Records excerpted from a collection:
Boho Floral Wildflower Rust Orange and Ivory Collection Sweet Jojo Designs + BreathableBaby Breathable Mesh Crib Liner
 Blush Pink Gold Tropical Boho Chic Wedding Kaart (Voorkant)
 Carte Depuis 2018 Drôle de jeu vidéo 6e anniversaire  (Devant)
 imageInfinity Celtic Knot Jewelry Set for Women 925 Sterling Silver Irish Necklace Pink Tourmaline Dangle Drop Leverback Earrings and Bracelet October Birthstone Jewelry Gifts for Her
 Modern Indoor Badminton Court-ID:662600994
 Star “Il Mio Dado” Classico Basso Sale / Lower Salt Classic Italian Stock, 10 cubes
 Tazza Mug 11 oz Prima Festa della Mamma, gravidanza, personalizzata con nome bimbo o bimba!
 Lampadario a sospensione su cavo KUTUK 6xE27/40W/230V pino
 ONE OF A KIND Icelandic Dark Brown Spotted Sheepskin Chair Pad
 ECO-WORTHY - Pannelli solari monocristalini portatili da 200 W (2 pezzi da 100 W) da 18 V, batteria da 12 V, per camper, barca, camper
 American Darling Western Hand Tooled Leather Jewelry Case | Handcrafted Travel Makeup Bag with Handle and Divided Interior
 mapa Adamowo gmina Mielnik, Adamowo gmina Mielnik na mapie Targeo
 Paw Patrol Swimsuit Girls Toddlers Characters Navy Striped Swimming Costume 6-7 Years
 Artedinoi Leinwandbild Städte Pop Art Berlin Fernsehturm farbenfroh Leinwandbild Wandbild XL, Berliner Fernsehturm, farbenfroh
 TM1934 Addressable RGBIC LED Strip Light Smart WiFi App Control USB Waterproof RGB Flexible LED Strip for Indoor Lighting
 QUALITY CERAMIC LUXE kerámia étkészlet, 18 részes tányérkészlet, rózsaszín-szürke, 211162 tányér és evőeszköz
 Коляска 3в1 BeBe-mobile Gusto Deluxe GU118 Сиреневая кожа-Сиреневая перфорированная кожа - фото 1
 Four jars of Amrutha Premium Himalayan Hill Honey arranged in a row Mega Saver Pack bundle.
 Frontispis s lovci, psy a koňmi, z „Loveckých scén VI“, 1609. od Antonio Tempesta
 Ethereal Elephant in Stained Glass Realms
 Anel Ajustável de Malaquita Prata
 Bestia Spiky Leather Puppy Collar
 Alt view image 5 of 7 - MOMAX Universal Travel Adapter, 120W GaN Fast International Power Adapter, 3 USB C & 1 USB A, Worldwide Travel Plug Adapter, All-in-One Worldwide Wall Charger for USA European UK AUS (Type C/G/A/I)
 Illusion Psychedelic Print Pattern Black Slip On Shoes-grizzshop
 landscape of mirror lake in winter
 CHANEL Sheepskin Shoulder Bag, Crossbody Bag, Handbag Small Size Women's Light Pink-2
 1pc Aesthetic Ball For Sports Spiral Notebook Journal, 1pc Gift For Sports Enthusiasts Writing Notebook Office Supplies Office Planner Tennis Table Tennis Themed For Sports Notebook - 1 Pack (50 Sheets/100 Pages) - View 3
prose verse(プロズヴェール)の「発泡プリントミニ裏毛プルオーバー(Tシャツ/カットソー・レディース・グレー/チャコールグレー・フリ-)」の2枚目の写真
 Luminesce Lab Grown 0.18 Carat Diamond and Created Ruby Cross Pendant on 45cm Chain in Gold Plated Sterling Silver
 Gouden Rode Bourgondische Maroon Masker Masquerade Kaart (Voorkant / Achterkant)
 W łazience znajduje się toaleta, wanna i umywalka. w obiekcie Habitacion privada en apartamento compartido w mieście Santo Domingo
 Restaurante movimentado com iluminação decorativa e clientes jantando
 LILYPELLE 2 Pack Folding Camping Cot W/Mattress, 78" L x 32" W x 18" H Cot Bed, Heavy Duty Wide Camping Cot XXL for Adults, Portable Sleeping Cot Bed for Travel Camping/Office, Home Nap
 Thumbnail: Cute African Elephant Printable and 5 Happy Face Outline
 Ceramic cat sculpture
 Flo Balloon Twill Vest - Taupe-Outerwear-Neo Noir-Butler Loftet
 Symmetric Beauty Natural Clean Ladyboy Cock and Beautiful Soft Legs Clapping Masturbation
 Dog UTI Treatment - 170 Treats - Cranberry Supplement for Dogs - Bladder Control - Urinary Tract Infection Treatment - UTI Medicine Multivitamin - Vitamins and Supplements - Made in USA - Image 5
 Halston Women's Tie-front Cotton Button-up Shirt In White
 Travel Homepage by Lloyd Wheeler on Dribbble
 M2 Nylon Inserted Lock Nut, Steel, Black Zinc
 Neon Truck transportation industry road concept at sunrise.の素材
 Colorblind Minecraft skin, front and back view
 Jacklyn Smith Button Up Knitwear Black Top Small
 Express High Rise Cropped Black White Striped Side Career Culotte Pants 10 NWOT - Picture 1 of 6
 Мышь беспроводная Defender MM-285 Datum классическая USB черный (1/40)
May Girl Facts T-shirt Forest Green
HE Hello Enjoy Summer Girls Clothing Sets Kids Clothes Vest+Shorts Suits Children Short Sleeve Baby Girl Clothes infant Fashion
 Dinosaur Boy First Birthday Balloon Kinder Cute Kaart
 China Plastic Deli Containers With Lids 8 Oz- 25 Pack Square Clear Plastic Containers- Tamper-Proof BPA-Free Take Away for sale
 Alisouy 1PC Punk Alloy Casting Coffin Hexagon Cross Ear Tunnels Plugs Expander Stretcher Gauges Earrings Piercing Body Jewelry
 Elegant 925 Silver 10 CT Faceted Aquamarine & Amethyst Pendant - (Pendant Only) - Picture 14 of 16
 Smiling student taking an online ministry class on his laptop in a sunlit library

Required work →
Look through the data above and report every line in which "Vest" appears.

Written response →
 Flo Balloon Twill Vest - Taupe-Outerwear-Neo Noir-Butler Loftet
HE Hello Enjoy Summer Girls Clothing Sets Kids Clothes Vest+Shorts Suits Children Short Sleeve Baby Girl Clothes infant Fashion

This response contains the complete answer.